Every week, more than a billion live animals are transported worldwide over long distances, through blazing heat and freezing cold, often without food, water, or veterinary care – as if they were nothing more than freight. Their gruelling journeys frequently end at a slaughterhouse, where they face a terrifying death. Others end up on pet shop shelves or in laboratory cages.
On August 29, caring people around the world will participate in a global day of action against all forms of live-animal transport. The day will mark the 20th anniversary of the world’s worst live-export disaster, when more than 67,000 sheep burned to death or drowned as the ship carrying them across the Indian Ocean burst into flames and sank.
The best way to help animals is never to buy them or their body parts for any reason, but we can also help reduce their suffering by taking action now to improve their transport conditions. Here are eight actions you can take:
1. Hold a vigil or remembrance service for chickens transported for food, and invite the media to attend. Let people know that chickens often die during transport to slaughter. They are rounded up by workers who grab them by the legs and sling them into crates for transport, often breaking their fragile bones. They are often deprived of food and water, and the journey to the slaughterhouse may be long, through all weather conditions. and invite the media to attend.

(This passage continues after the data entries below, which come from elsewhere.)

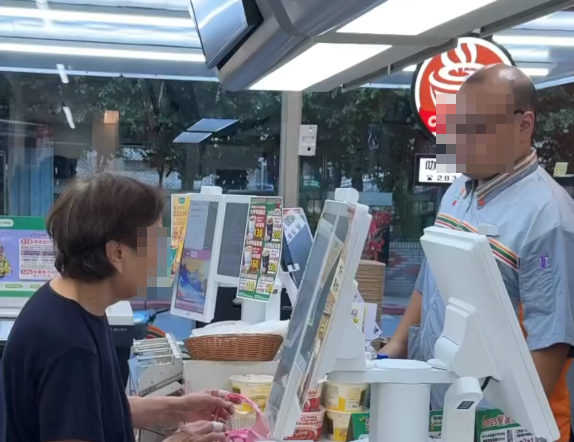 天母阿嬤狂盧「退貨關東煮」要放回去滷　店員一句話高EQ回擊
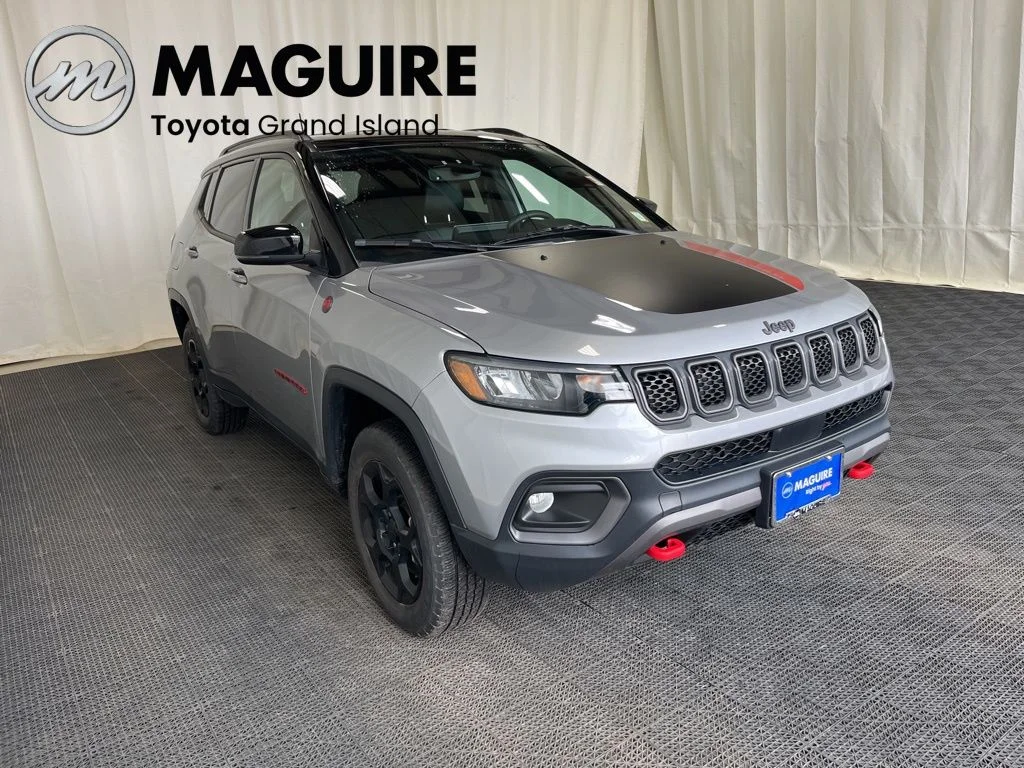 Used 2023 Silver Jeep Trailhawk image 32
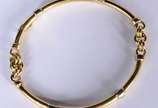 Pulseira de ouro 18 k,. com pequenos elos later... - Pulseira de ouro 18 k,. com pequenos elos laterais e mini brilhantes. (Por motivos de segurança a peça não se encontra na loja).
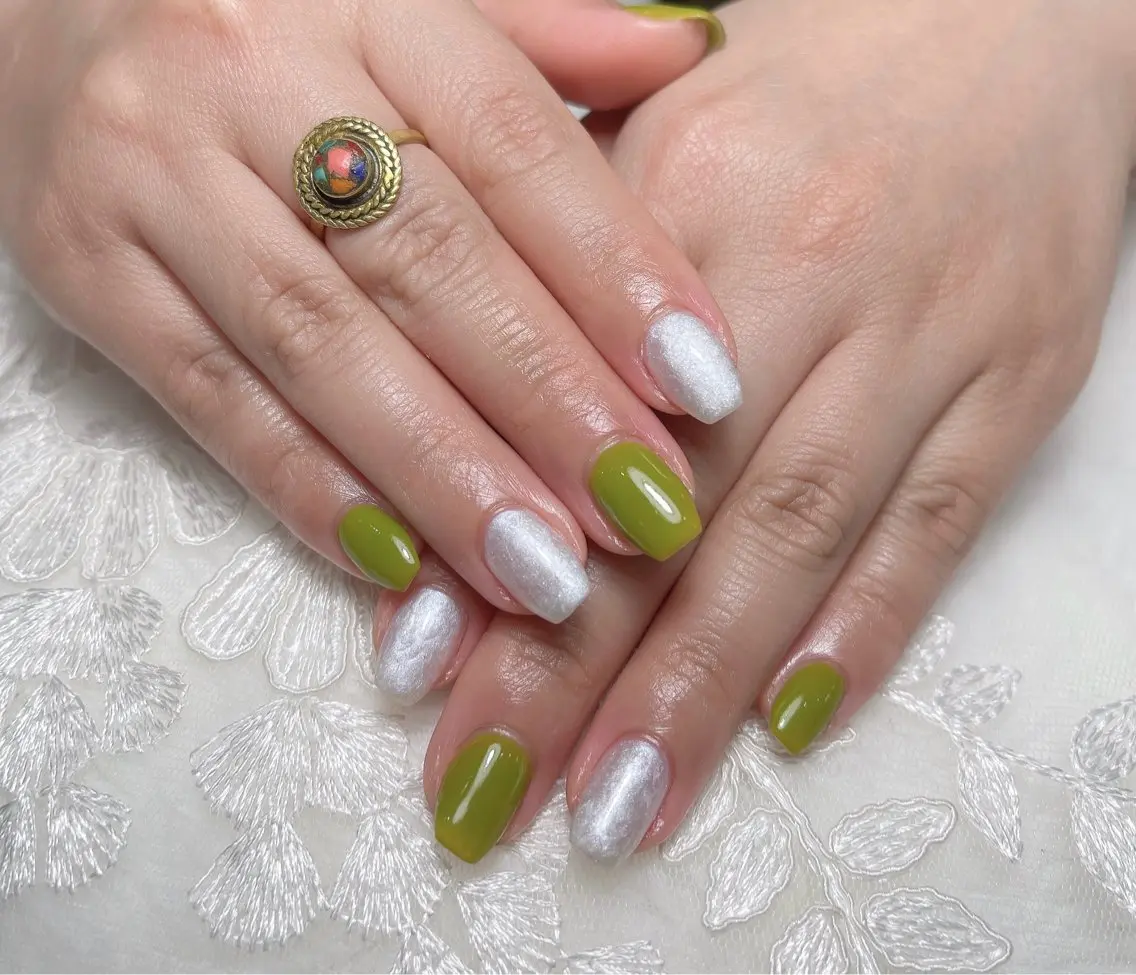 ネイル AURA NAIL 🌟鶴見店のネイルデザイン
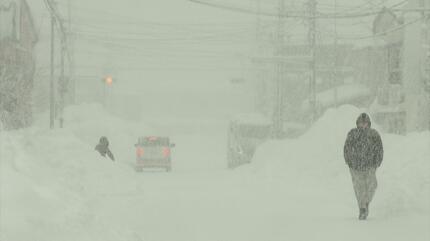各地で積雪急増…積雪は青森91cm、弘前80cmに（22日11時時点） 今後も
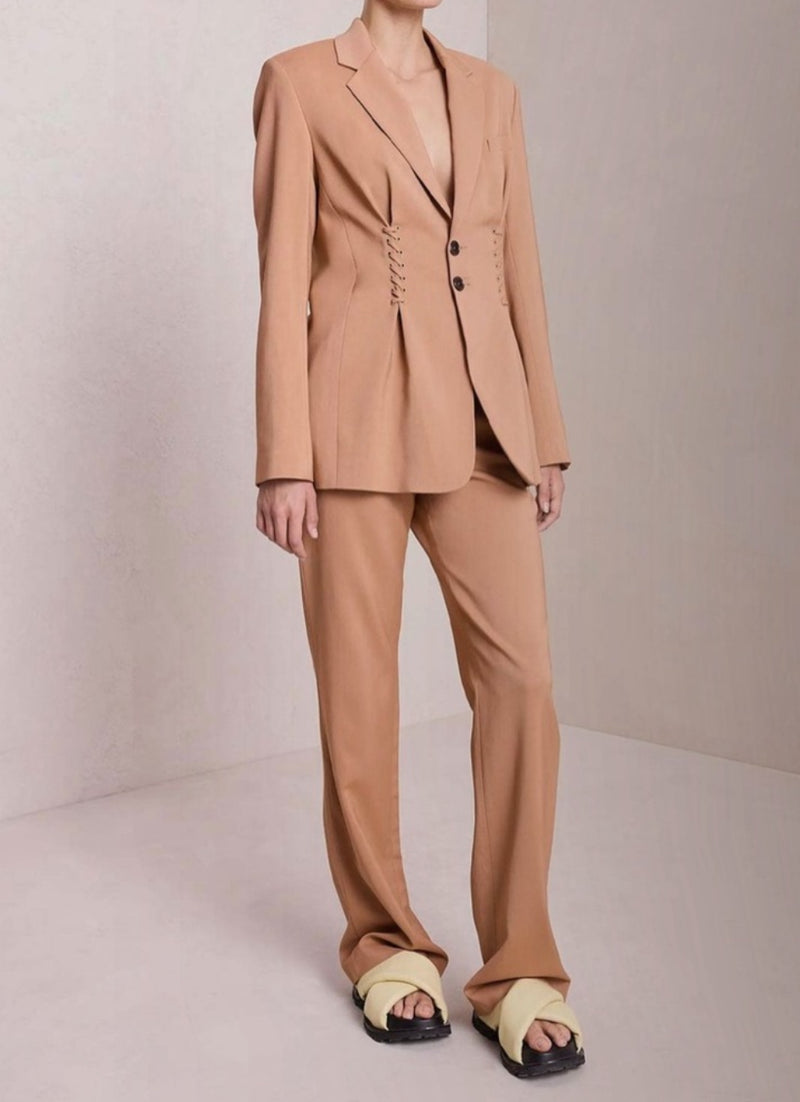 Closed slim fit mid rise
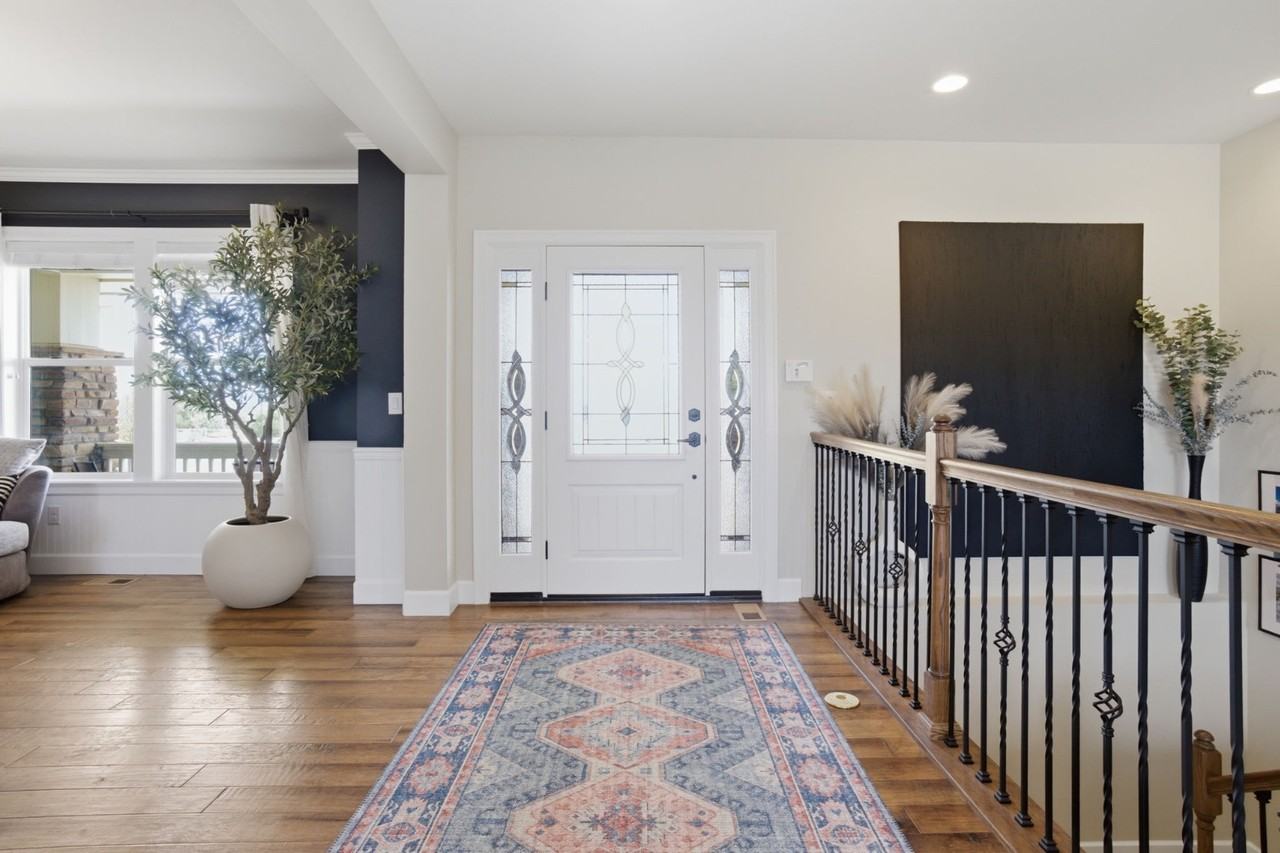 79 Sheldon Ave - Photo 2 of 39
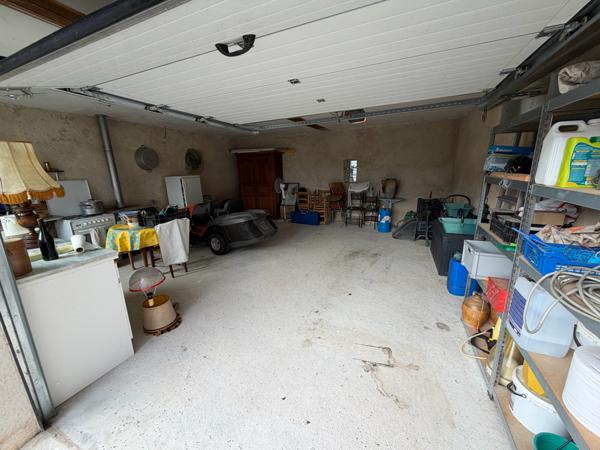 CORPS DE FERME - 4 CHAMBRES - HANGAR - 2 GARAGES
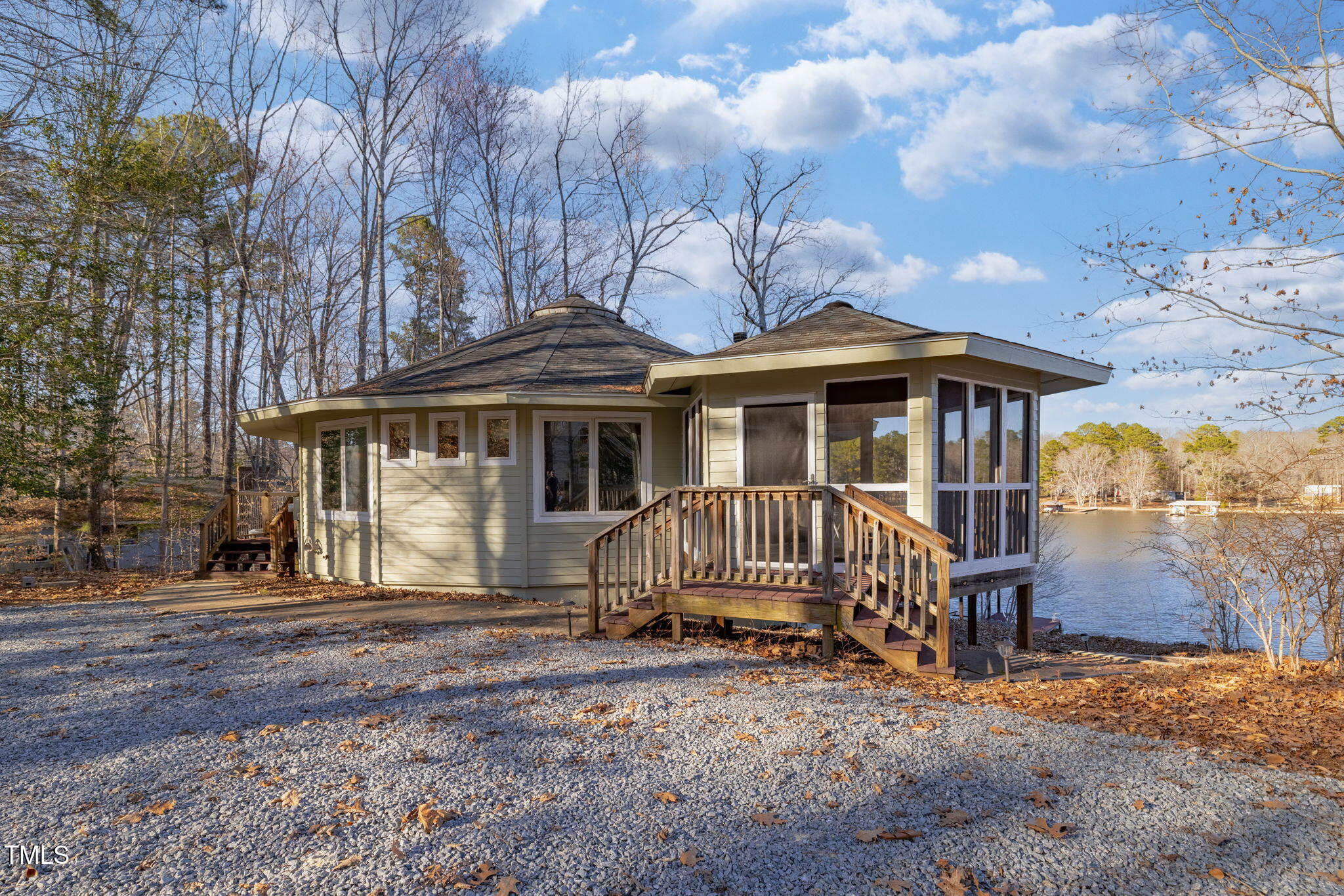 182 Songbird Creek Rd.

2. Meet with a member of parliament to discuss the way cows and buffaloes are transported for slaughter in India. They are crammed onto trucks in such large numbers that their bones often break and they suffocate or die in other ways. Those who are too lame to walk when they reach the slaughterhouse are often left to die slowly or dragged painfully to the slaughter floor.
3. Tell Air India officials that you won’t fly with the airline until it stops shipping live animals to laboratories. Air India continues to ship animals to laboratories to be tormented in experiments, even though major airlines around the world refuse to do so. In these experiments, animals may be cut up, poisoned, killed, or abused in other ways.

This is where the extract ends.